Lex/Yacc 计算器不处理特殊情况

Question

I'm working on a Lex+Yacc calculator that is capable of performing basic arithmetic operations, as well as supporting usage of parentheses. From my testing, it is capable of handling essentially every scenario, providing an integer solution for valid inputs, and indicating an input was invalid if invalid input is provided.

However, in my testing I found that if I simply type in: 5) or 99+22+33) or basically anything where ')' is the final character, it'll still be deemed valid. In fact, I could even type in "7)asdfghjk", and it would deem it valid and still output 7. It seems like when there is a lone ')' at the end it does not care. Whereas if I had (5 it would error out.

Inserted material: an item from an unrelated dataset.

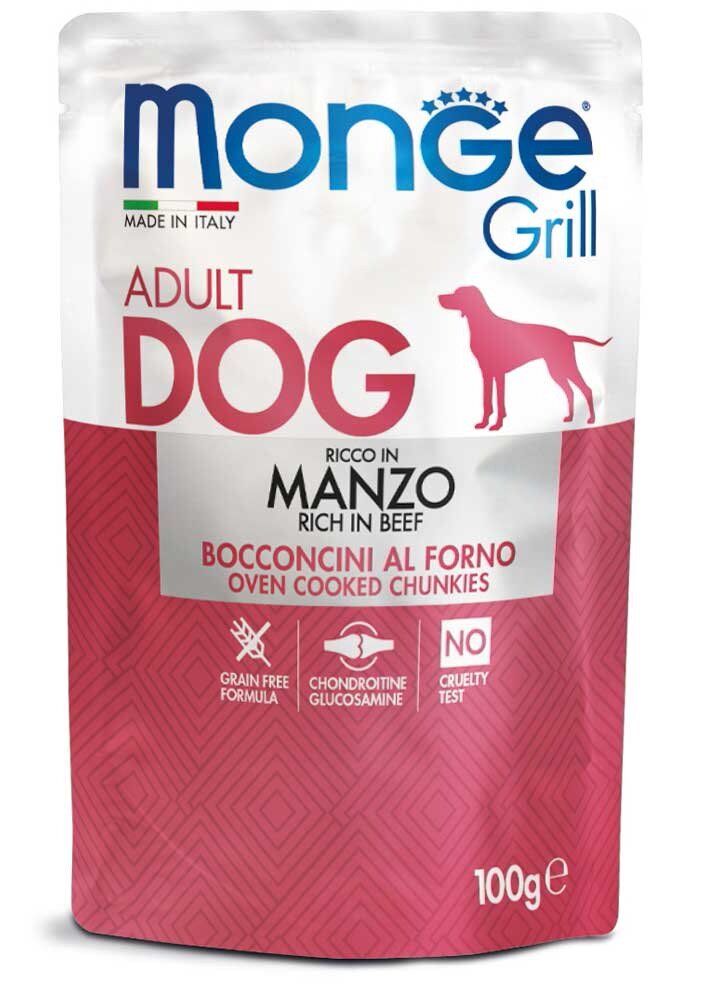 MONGE GRILL kapsička s hovězím masem pro psy 100g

My Lex file and Yacc file are provided below. Any help would be greatly appreciated. Thank you so much.

Lex File:

/* ========== DECLARATIONS SECTION ========== */
%{
    #include <stdio.h>
    #include <stdlib.h>
    #include "y.tab.h"
    extern int yylval;
%}
/* ========================================== */



/* ========== SHORTHAND DEFINITIONS ========= */
/* ========================================== */



/* ================== RULES ================= */
%%
([1-9][0-9]*|0) { 
    yylval = atoi(yytext);
    return INT;
}

[+] {return PLUS;}
[-] {return MINUS;}
[*] {return MULT;}
[/] {return DIV;}
[(] {return LPAREN;}
[)] {return RPAREN;}
[ \t] {;}
[\n] {return 0;}
. {yyerror();}
%%
/* ========================================== */



/* ================ USER CODE =============== */
int yywrap() {
    return 1;
}
/* ========================================== */

Yacc File:

/* ========== DECLARATIONS SECTION ========== */
%{
    #include <stdio.h>
    #include <stdlib.h>
%}

%token INT

%left PLUS MINUS
%left MULT DIV
%left UMINUS
%left LPAREN RPAREN
/* ========================================== */



/* ============ GRAMMAR SECTION ============= */
%%
ResultantExpression: E{
    printf("Result = %d\n", $$);

    return 0;
};


E: E PLUS T {$$ = $1 + $3;}
 | E MINUS T {$$ = $1 - $3;}
 | MINUS E %prec UMINUS {$$ = -$2;}
 | T {$$ = $1;}
 ;

T: T MULT F {$$ = $1 * $3;}
 | T DIV F {if ($3 == 0) {yyerror();} else {$$ = $1 / $3;}}
 | F {$$ = $1;}
 ;

F: INT {$$ = $1;}
 | LPAREN E RPAREN {$$ = ($2);}
 ; 
%%
/* ========================================== */



/* ============ USER CODE SECTION =========== */
int main() {
    printf("Enter the expression:\n");
    yyparse();

    return 0;
}

void yyerror() {
    printf("The entered expression is invalid!\n");
    exit(1);
}

/* ========================================== */

Answer 1

Because you have a return 0; in your ResultExpression action, it will exit successfully after recognizing a ResultExpression, even if there is more input. If you want to check for a correct EOF after that, remove the return 0; and let it continue parsing -- it will give a syntax error message if there's any garbage left in the input, or return successfully if there is the expected newline (which your lexer returns as EOF).